Vol. 001 Jeffs Brain·Documentation

Source spec/mcp-tools

MCP tools

Every memory_* tool: inputs, outputs, progress semantics, and wire types.

Every Jeffs Brain SDK ships an MCP wrapper that exposes the same memory_* tool surface. The tool names, descriptions, and input schemas are canonical and cross-language. The reference implementation lives in apps/mcp/src/tools/.

All schemas are described below in Zod-like shorthand. Optional arguments are marked ?. brain on every tool that takes it defaults to the JBMCP_DEFAULT_BRAIN environment variable (or the first accessible brain when that is unset) and is resolved server-side via resolveBrain.

Each tool returns an MCP response with:

  • content[0].text: a short human-readable summary.
  • structuredContent: the raw JSON payload for programmatic consumers.

Errors from any tool surface as a standard MCP error response via toToolError. The no_brain code is returned by every brain-scoped tool when brain resolution fails.


Search memory notes in a brain and return matching note content with citations.

Description: “Search memory notes in a brain and return matching note content with citations. scope selects the memory namespace, and sort controls whether relevance or recency wins.”

Input schema

{
  query:  string (1..4096 chars)
  brain?: string
  top_k?: integer (1..100, default 10)
  scope?: 'all' | 'global' | 'project' | 'agent'
  sort?:  'relevance' | 'recency' | 'relevance_then_recency'
}

Output shape

{
  query:    string,
  brain_id: string,
  hits:     Array<{ score: number, path: string, content: string, ... }>,
  took_ms:  number
}

Text summary lists the top five hits formatted as #N score=S path\n<first 320 chars>.


memory_recall

Recall memories for a query. With a session_id, the backend’s session recall endpoint weights recent conversation context; without it, falls back to memory_search.

Description: “Recall memories for a query. Pass session_id to weight recent session context; otherwise uses the dedicated memory-search surface. scope selects the memory namespace rather than a generic metadata filter.”

Input schema

{
  query:       string (1..4096 chars)
  brain?:      string
  scope?:      'global' | 'project' | 'agent'
  session_id?: string
  top_k?:      integer (1..50)
}

Output shape (session mode)

{ chunks: Array<{ ... }> }   # session recall payload

Output shape (fallback mode): same as memory_search.


memory_remember

Store a new markdown document in the brain.

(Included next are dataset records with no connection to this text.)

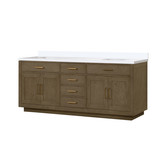 Lexora Abbey 84 inch W Grey Oak Double Sink Vanity Cabinet and Cultured Marble Top - LVA84DR300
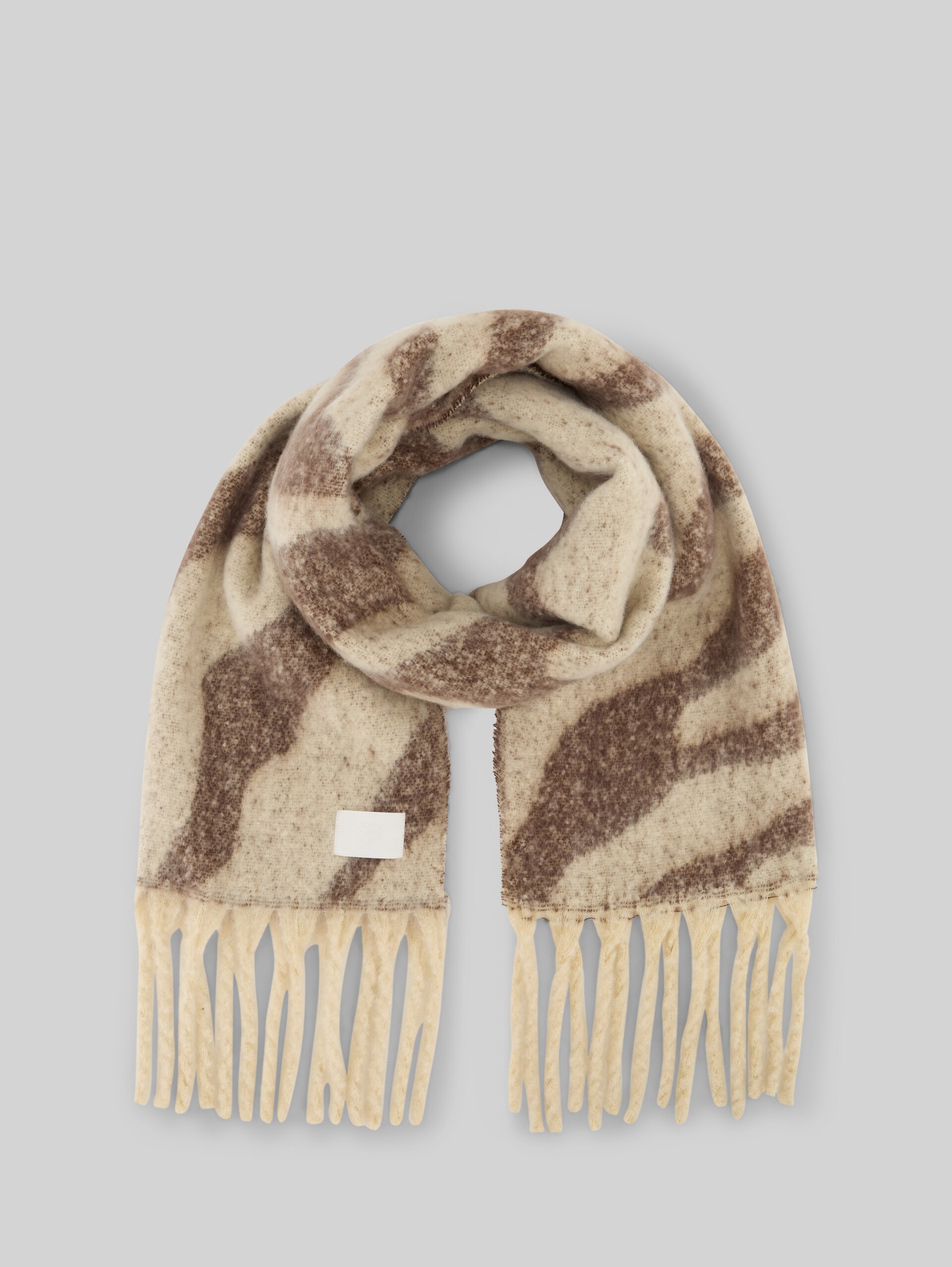 Cosy patterned scarf - brown beige zebra print - Front product view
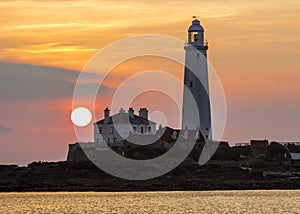 Sunrise over St Marys Lighthouse photo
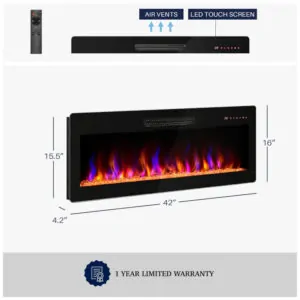 Lareira Elétrica Belleze 107x41cm 1400W 16 Cores LED Touch Embutir 110V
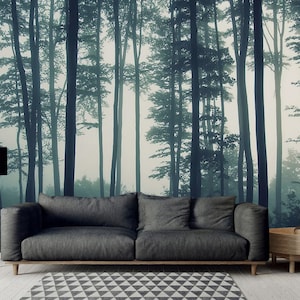 Foggy Forest Wallpaper -  Rainforest Mural - Removable Wallpaper - Peel and Stick - Nature Wallpaper - Wall Decor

Description: “Store a new memory (markdown document) in the brain. Returns the created document id and path.”

Input schema

{
  content: string (1..5_000_000 chars)
  title?:  string (1..512 chars)      # derived from first heading if omitted
  brain?:  string
  tags?:   Array<string (1..64 chars)> (max 64)
  path?:   string (1..1024 chars)
}

Output shape

{ id: string, path: string, byte_size: number, ... }  # full document record

Tags are forwarded as comma-joined metadata.tags.


memory_ingest_file

Ingest a local file (<= 25 MB) into the brain via the file-ingest endpoint.

Description: “Ingest a local file (<= 25 MB) into the brain. Returns the ingest result.”

Input schema

{
  path:   string                       # absolute or relative local path
  brain?: string
  as?:    'markdown' | 'text' | 'pdf' | 'json'
}

Content type is inferred from the extension when as is omitted. Files over 25 MiB are rejected with code file_too_large.

Output shape

{
  status:      'queued' | 'ingested',
  path:        string,
  job_id?:     string,
  chunk_count?: number,
  reused?:     boolean,
  ...
}

memory_ingest_url

Fetch a URL and ingest its content. Uses the server-side /ingest/url when the SDK build exposes it; otherwise falls back to a local fetch + document create.

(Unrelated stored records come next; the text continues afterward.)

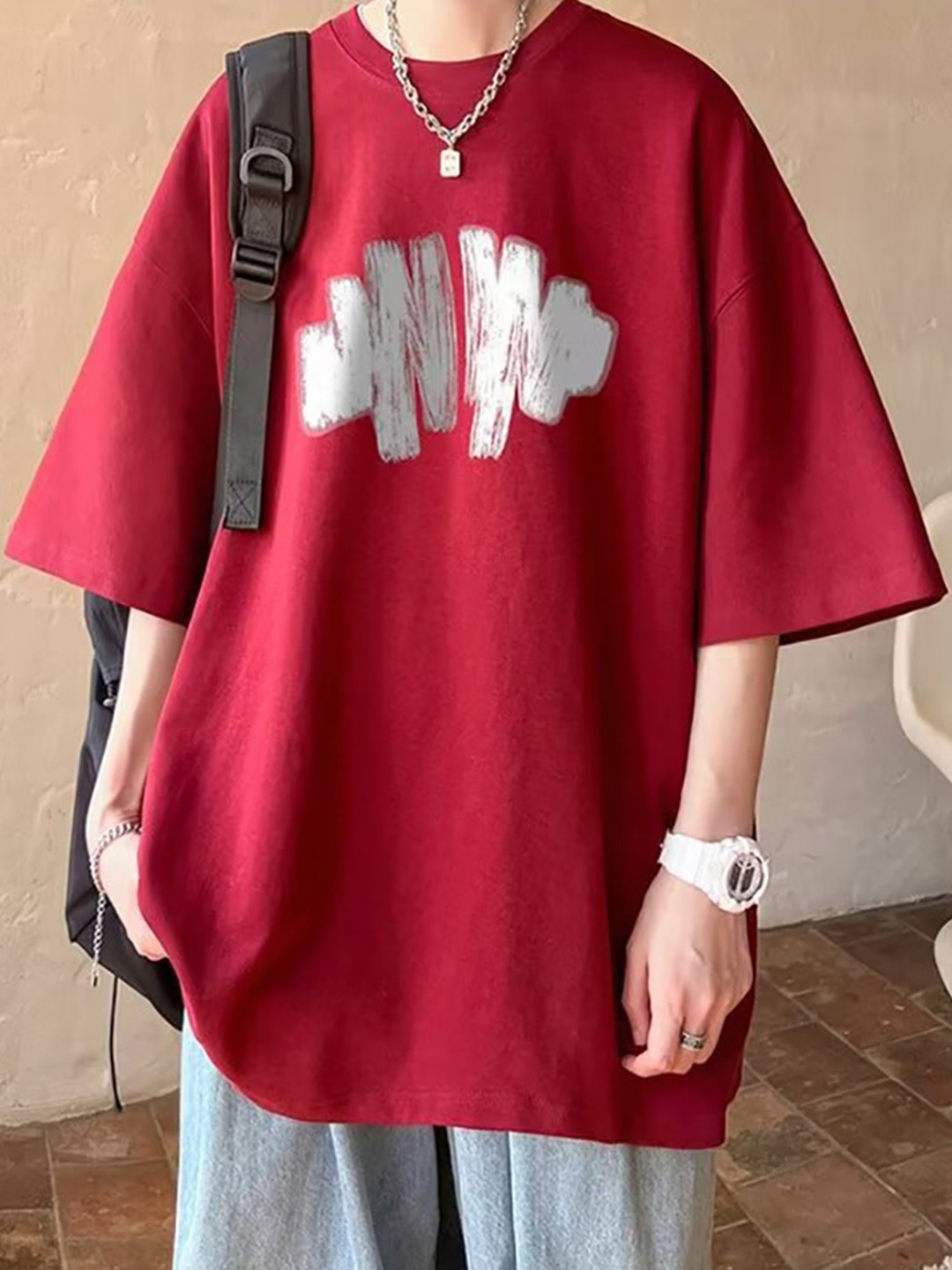 

StyleCast x Revolte Men Graphic Printed Round Neck Cotton Oversized T-shirt, Red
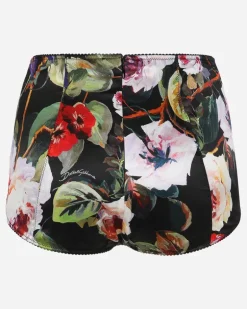 Panty Aus Satin Rosengarten-print - Frau Unterwäsche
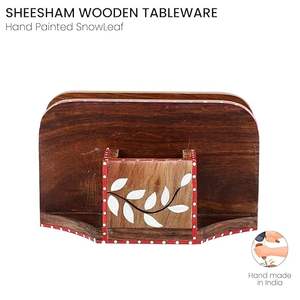 Porta Servilletas Redondo de Madera Hecho a Mano, Cubierta para Servilletas de Madera SHEESHAM, Porta Servilletas Rectangular de Primera Calidad para Comedor - Product Image 1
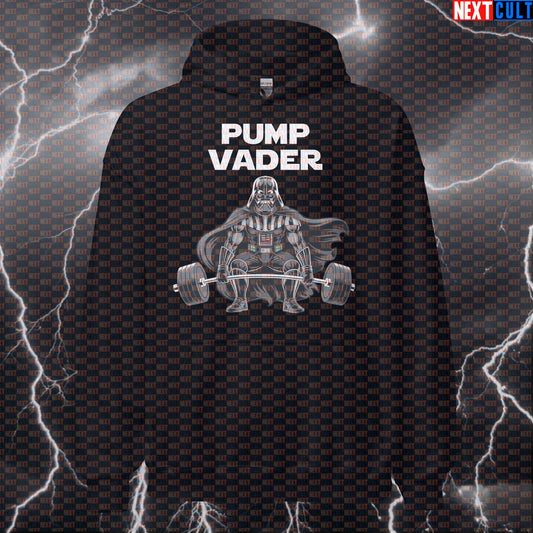 Pump Vader Gym Villain Hoodie | Star Wars Gym Meme Hooded Sweatshirt | Sci-Fi Workout Jumper Bodybuilding Darth Vader Films Fitness Gym Powerlifting Pump Cover Star Wars Workout Next Cult Brand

Description: “Fetch a URL and ingest its contents into the brain. Uses the server-side /ingest/url endpoint when available; otherwise fetches locally and creates a document.”

Input schema

{
  url:    string (must be a valid URL)
  brain?: string
}

Local fallback caps the fetched body at 5 MiB and records path: 'fallback' in the structured content.

Output shape

# server path
{ path: 'server', result: IngestResponse }

# fallback path
{ path: 'fallback', document: DocumentRecord }

memory_extract

Submit a transcript so the server can asynchronously derive memorable facts. When session_id is supplied, messages are appended to that session with skip_extract set on all but the final message; otherwise, a transcript document is created.

Description: “Submit a conversation transcript so the server can asynchronously extract memorable facts. If session_id is provided the messages are appended to that session; otherwise a transcript document is created.”

Input schema

{
  messages: Array<{
    role: 'system' | 'user' | 'assistant' | 'tool',
    content: string (>= 1 char)
  }> (1..500 entries)
  brain?:      string
  actor_id?:   string
  session_id?: string
}

Output shape

# session mode
{ mode: 'session', messages: Array<SessionMessageRecord> }

# transcript mode
{ mode: 'transcript', document: DocumentRecord }

memory_reflect

Close a session and trigger server-side reflection over its messages.

Description: “Close a session and trigger server-side reflection over its messages.”

Input schema

{
  session_id: string (>= 1 char)
  brain?:     string
}

Output shape

{
  reflection_status: 'completed' | 'no_result' | ...,
  reflection?: {
    outcome: string,
    should_record_episode: boolean,
    path: string,
    retry_feedback?: string
  },
  reflection_attempted: boolean,
  ended_at?: string,
  ...
}

The text summary embeds outcome, record-episode flag, path, and ended-at timestamp for fast human scanning.


memory_consolidate

Trigger a consolidation pass on the brain (compile summaries, promote stable notes, prune stale episodic memory).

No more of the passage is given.